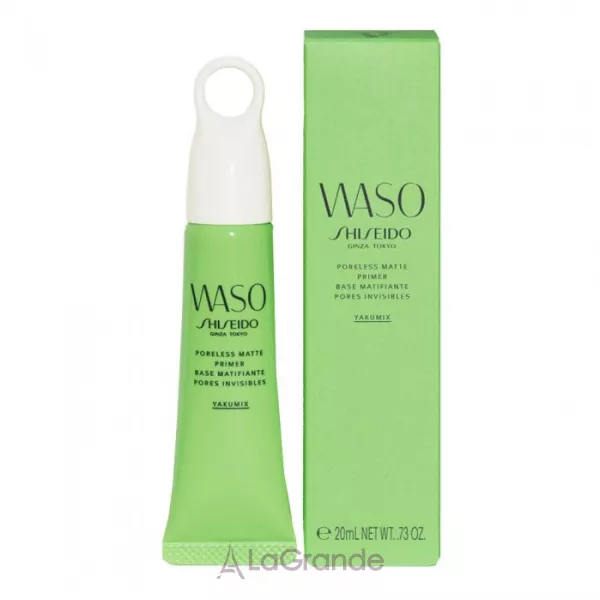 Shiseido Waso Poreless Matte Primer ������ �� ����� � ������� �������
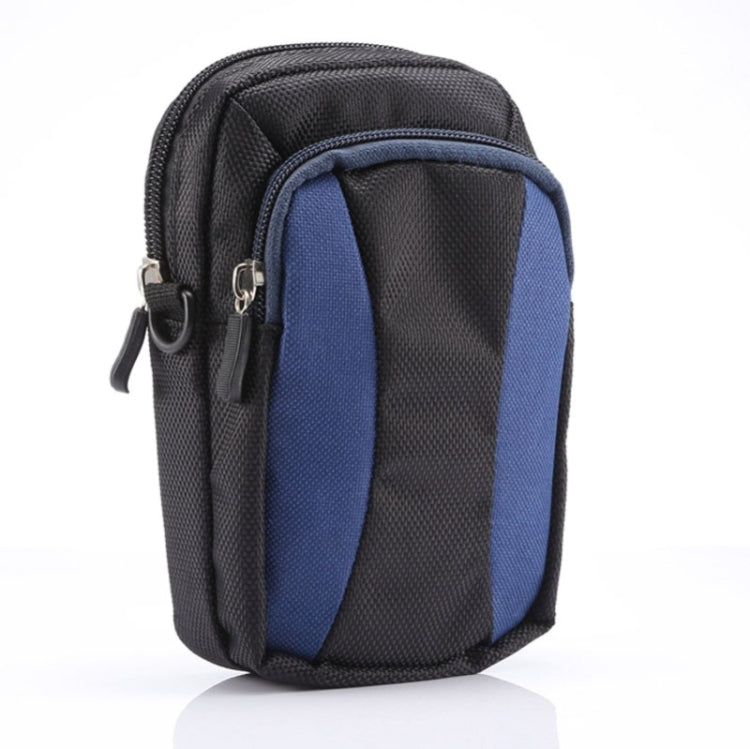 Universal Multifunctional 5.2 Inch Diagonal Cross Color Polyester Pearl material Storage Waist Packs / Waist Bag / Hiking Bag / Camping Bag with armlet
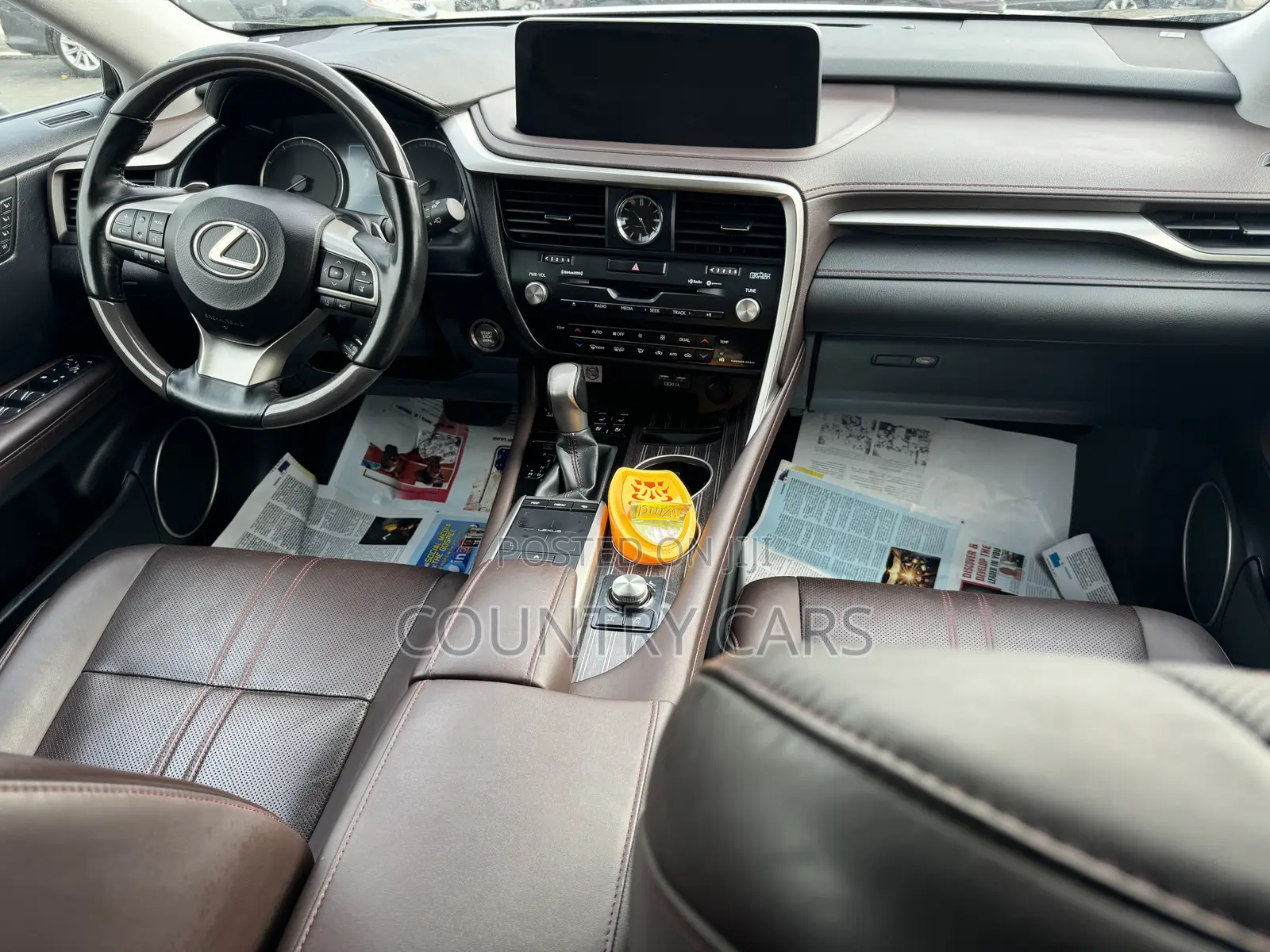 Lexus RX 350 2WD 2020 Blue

-*-

## What the exercise asks
The answer must be an exact copy of the lines from the one with "Universal Multifunctional 5.2" through the final line above, both ends included, and nothing else; pictures stay out.

## Written answer
 Universal Multifunctional 5.2 Inch Diagonal Cross Color Polyester Pearl material Storage Waist Packs / Waist Bag / Hiking Bag / Camping Bag with armlet
 Lexus RX 350 2WD 2020 Blue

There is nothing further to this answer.